The second message is why does the media (and too many punters as well) accept these forecasts like they are gospel. I understand why the Fairfax Media might, but the Murdoch Press? Maybe digging around a bit is too much work for journos these days. A recent study commissioned by crikey.com suggests this is the case with nearly 55% of the stories published across ten major Australian newspapers late last year were driven by media releases or public relations firms.
So what do I think prices will do over the next decade? In short, my answer is not as much as they did over the last ten years.
Dwelling prices are overpriced but not (yet anyway) oversupplied. The current “boom” is likely to run out of puff within the next twelve months, on the back of rising interest rates and declining affordability. We could “crash and burn” like the US recently did or go through a long drawn-out adjustment as happened in the 1990s. The latter means that residential values will be flat until affordability is rebuilt by a combination of gradual increases in household incomes and cyclical declines in interest rates. Given this scenario, growth over 5% per annum would be a strong result.
Its back to the future if you ask me.
One of the most well thought out responses I’ve ever read. Thanks Michael.

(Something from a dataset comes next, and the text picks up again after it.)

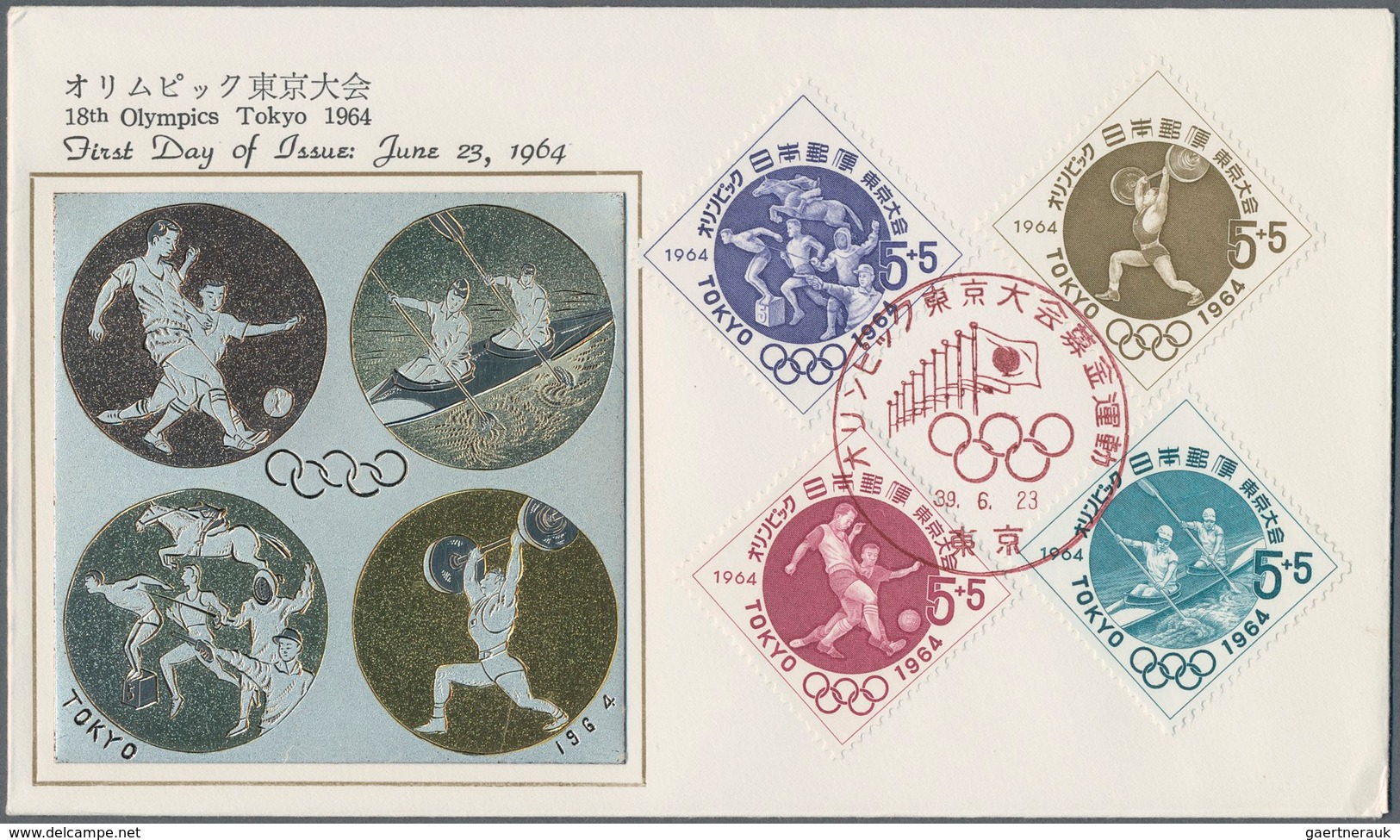 Japan: 1948/86, stock of FDC (193) many real used to US, sports+olympics, new year, philatelic week,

((((((“young people should try to buy now while it’s still reasonably affordable. They shouldn’t over-commit themselves and will need to hold on to the property long term”. Geez, great advice “Aussie” John, perhaps young people should also have a dozen stubbies before going on a road trip as well.))))))
hahaha…Aussie John, eh?….Just Visiting, or straight to jail without passing Go!
(((((Even worse, such is the foolishness of federal government policy that “42% [of people are] expecting the federal government to introduce another round of first home buyer grants if the present boom shows signs of ending”.))))))
hahaha….were these 42% of people AFL footballers?